Recently he has started talking about his “friends” and requesting to have them to play or go and visit them to play. He also on the whole has been managing to keep it together when he has his friends over and is so proud to tell his siblings he had his friend come to play. It is quite heart warming to see him interact with others his own age and have conversations with them.

10. Love

As he looks for more security at this stage of his life, I am having a lot more “huggles” as he likes to call them and time with him sitting on my knee. I especially love it when he has just woken up and is all warm and toasty from bed. So also on the plus side to this period of development is that I receiving a lot more physical affection.

This stage in a child’s life is definitely a challenging one and like all stages, I need to remind myself that this will too pass! In the mean time, I need to focus on choosing the right battles, removing points of conflict and helping him feel secure in his environment.

Can you recognise some of these characteristics in your three and a half year old?


  1. says

    We’ve been having trouble with our 3.5 yr old too. *sigh*

    I’ve also been told they (boys) get a surge of hormone release at this age which can make them more combative. Not sure if this is gospel truth, but hey its a theory.

  2. Rebecca says


    Im sitting here with tears in my eyes…. happiness of course, that someone has recognised the same behaviour in their 3.5yr old boy as I have…

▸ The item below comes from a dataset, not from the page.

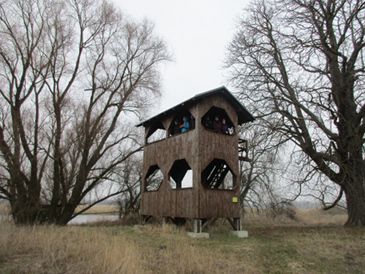 Foto Oderwanderung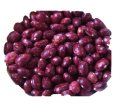 IPR 96-4 (Amber) seed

    I did many a google searches on behaviour and 2.5 to 3.5 year olds and I was presented with ADD, ADHD and ODD!

    This post has just nailed it! THANKYOU SO MUCH

  3. says

    You could have described my son at that age. I note that now he goes through stages of equilibrium and the opposite but I don’t know if I could tie it down to his age.

    We also call them huggles.

  4. says

    Wow, this is almost EXACTLY the kind of behaviour we are seeing in our 3yr4mnth old. Thank you for laying it out so clearly, I am going to direct my husband to this post because it seems he is the one struggling the most to cope with the combative, whiny, crying, fall-to-the-floor dramatics and I think it will really help him to understand why its all happening.

  5. Lee L says

    did you sneakily pop over to my house before you wrote that…LOL!

    I have a boy who will be 4 in April. The whining is a big issue, as is correctly speaking and asking for things (ie May I please have, instead of Give Me or I want).

    With both situations I find getting to his level and making direct eye contact is key.

    For the wingeing – I simply have a no whingeing clause in my house, pure and simple. If a child is whingeing about wanting a particular thing, they simply do not get it until they calm down and request it nicely. My boy does know how to do that, but i think for him that the whinging is simpler or easier than thinking about the correct words to use, even though he does know how to say it. SO they get a warning of “I think I hear whingeing” with the direct eye contact and then I leave the child to ponder for second. 9 times out of 10 they calm down and use their manners ask. Our now 9 year old daughter was treated the same way, and now she nearly always displays very lovely manners with regard to requesting things, it is great to see, especially when some of her friends who are old enough to know better rarely say please or thank you, and make demands for things instead of requests – you would swear they are worse than my 3.5yr old at times!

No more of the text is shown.